L'île est par ailleurs en train de perdre l'un de ses remparts pendant les longs mois d'hiver: la glace. Celle-ci a toujours servi de bouclier, son absence laisse aujourd'hui les côtes totalement exposées aux tempêtes hivernales. 

Le grès rouge des falaises est rendu plus friable par les épisodes de gel et de dégel, plus fréquents dorénavant. 

«Une tempête peut faire disparaître complètement une dune, une falaise, créer une brèche», avance Marie-Ève Giroux, directrice d'Attention FragÎles. 

La directrice d'Attention FragÎles, Marie-Ève Giroux.
La directrice d'Attention FragÎles, Marie-Ève Giroux. Photo Sébastien St-Jean / AFP

Outre de la sensibilisation, notamment dans les écoles, son organisme travaille dans les dunes sur des solutions douces pour les revégétaliser et ainsi retenir le sable. 

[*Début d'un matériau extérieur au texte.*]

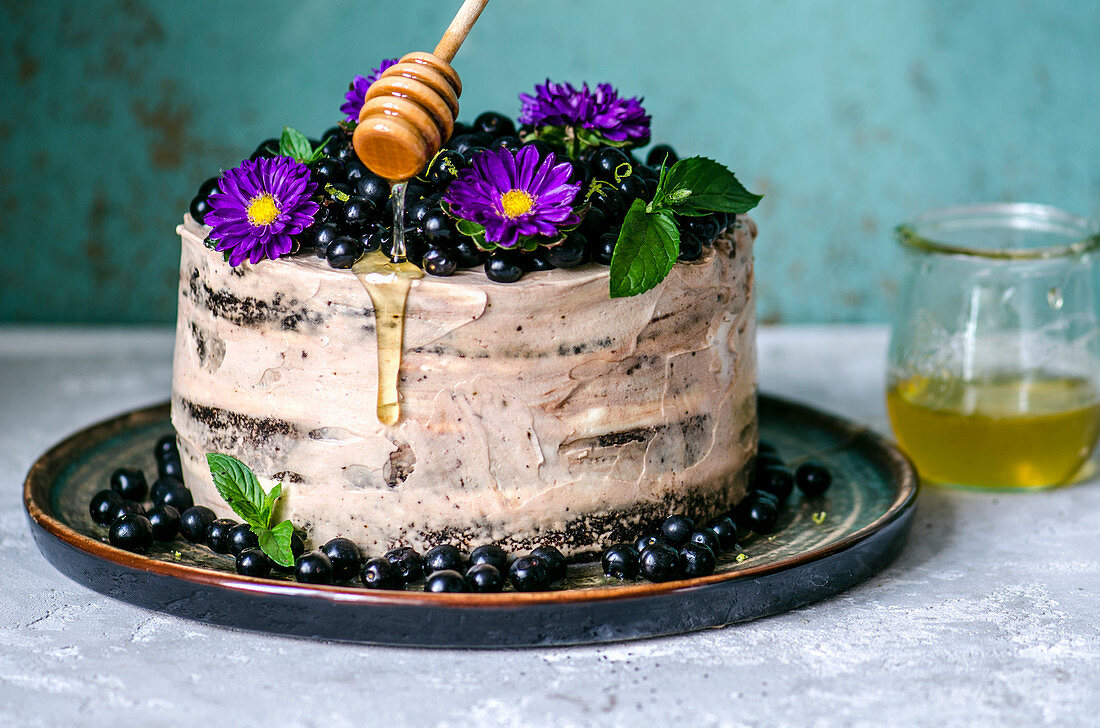 Naked Cake mit Traubenkirschen, Blumen und Honig
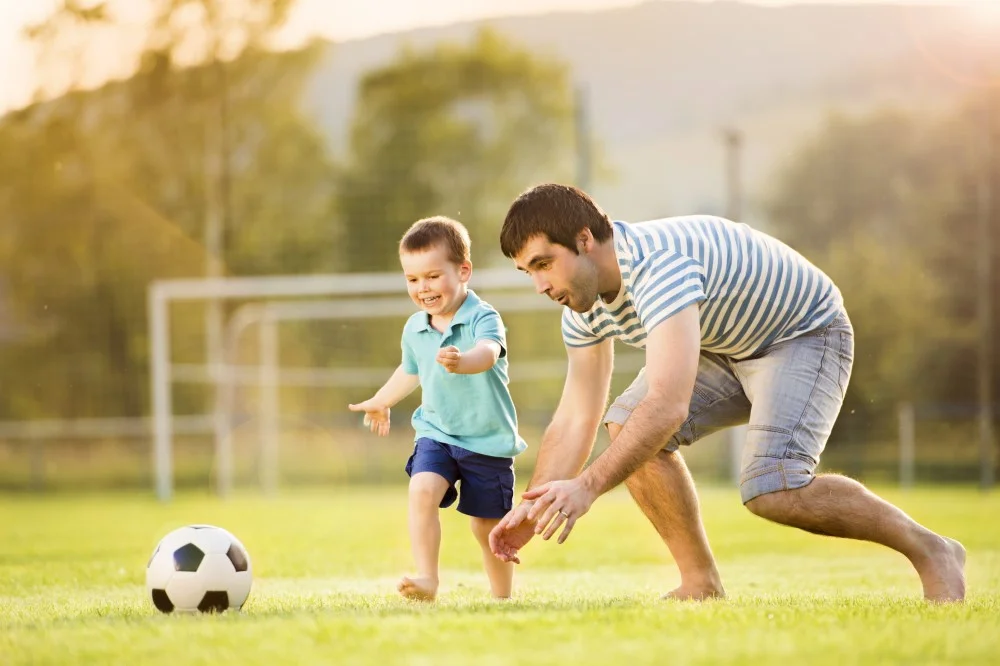 Far og søn der spiller fodbold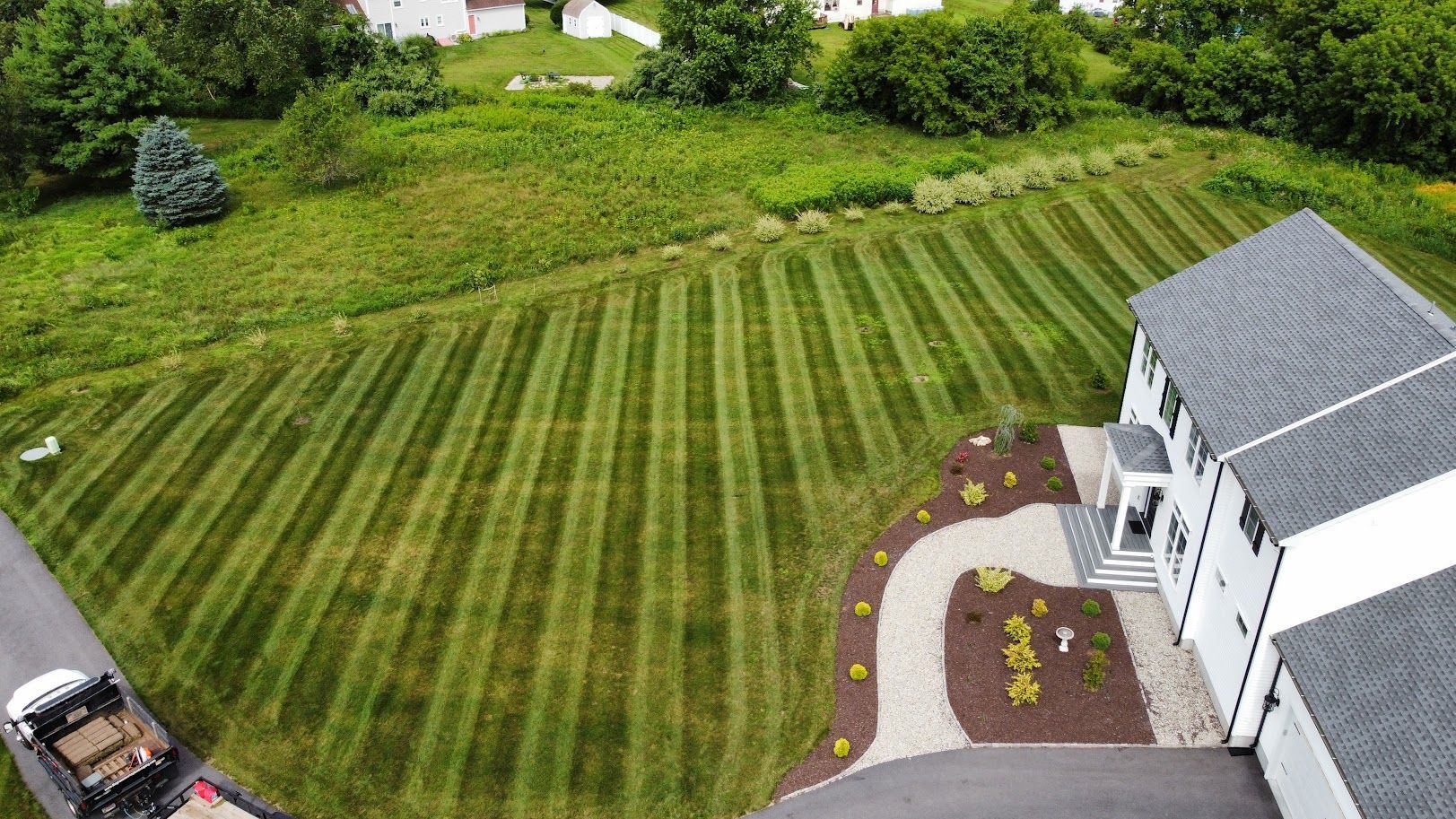 Drone view of a house with freshly mowed lawn, dark gray roof, and stone walkway. A landscaping truck is parked nearby.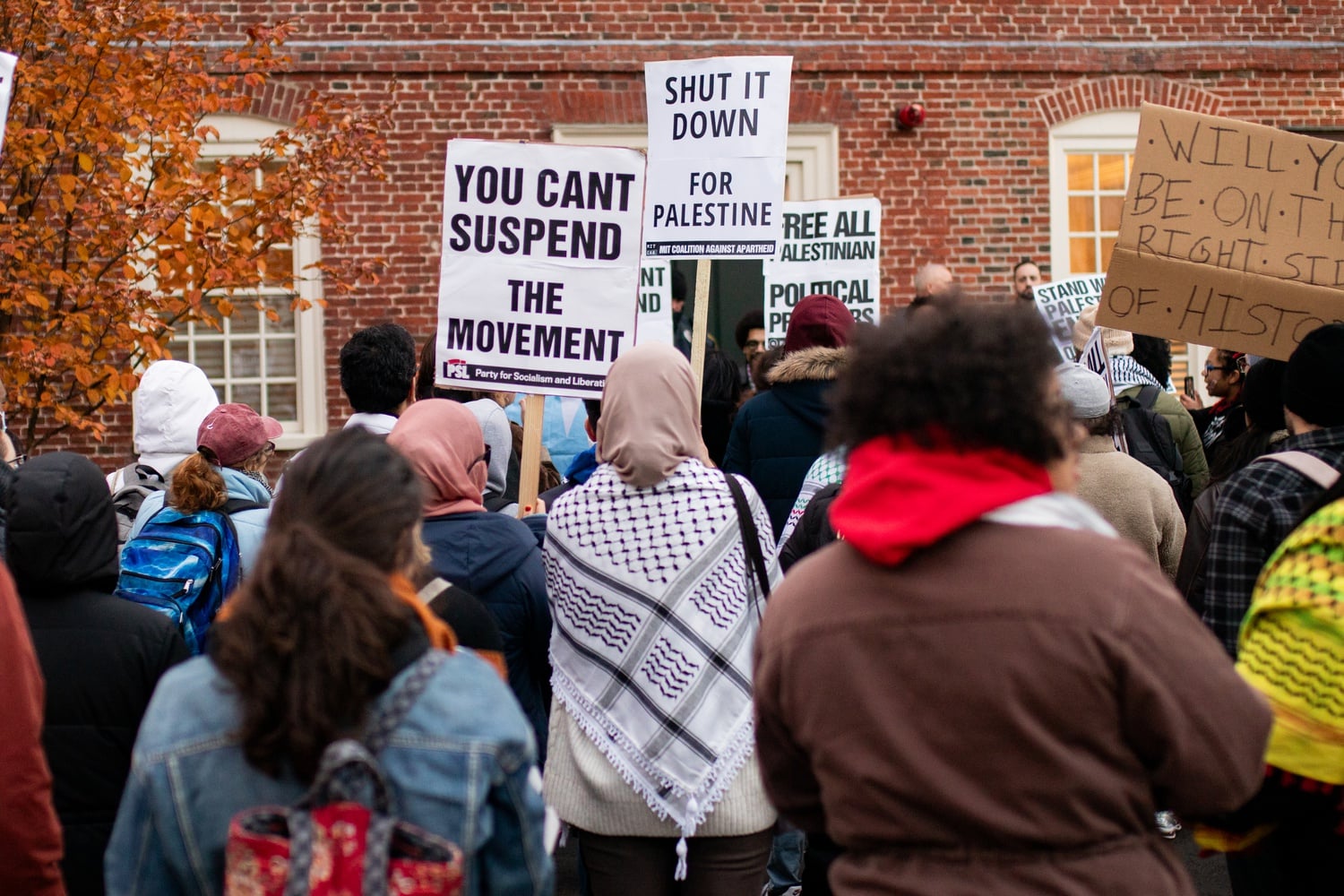 Pro-Palestine protesters demonstrate outside Massachusetts Hall, which houses the office of Harvard President Claudine Gay.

Car les îles sont aussi aujourd'hui menacées par la submersion, à la fois en raison de l'élévation du niveau de la mer comme partout autour du globe, mais aussi car elles continuent de s'enfoncer. 

«Il faut prendre en compte des scénarios réalistes et ne plus faire l'autruche», estime Mayka Thibodeau. 

«On ne veut pas juste subir. On veut faire partie de la solution», ajoute-t-elle en énumérant les nombreuses recherches en cours dans son centre, dont une nouvelle technique de recharge de plage appelée «béton vert» qui utilise des coquilles de mollusques. 

L'idée: faire de leur archipel un laboratoire à taille humaine contre un danger qui menace des millions de personnes dans le monde. 

Photo Sébastien St-Jean / AFP
Photo Sébastien St-Jean / AFP

Il faut agir «rapidement», renchérit Marianne Papillon. Cette dernière occupe un poste tout récemment créé: médecin-conseil pour la santé publique spécialisée en changements climatiques, afin de sensibiliser la population. 

«C'est collectivement qu'il faut agir, le geste individuel n'a pas de sens si le collectif ne s'y met pas», explique Marianne Papillon. 

«Face aux tempêtes, les gens doivent faire le lien avec les changements climatiques», dit-elle. 

«Il faut aussi qu'ils se sentent concernés sans qu'ils développent pour autant de l'écoanxiété».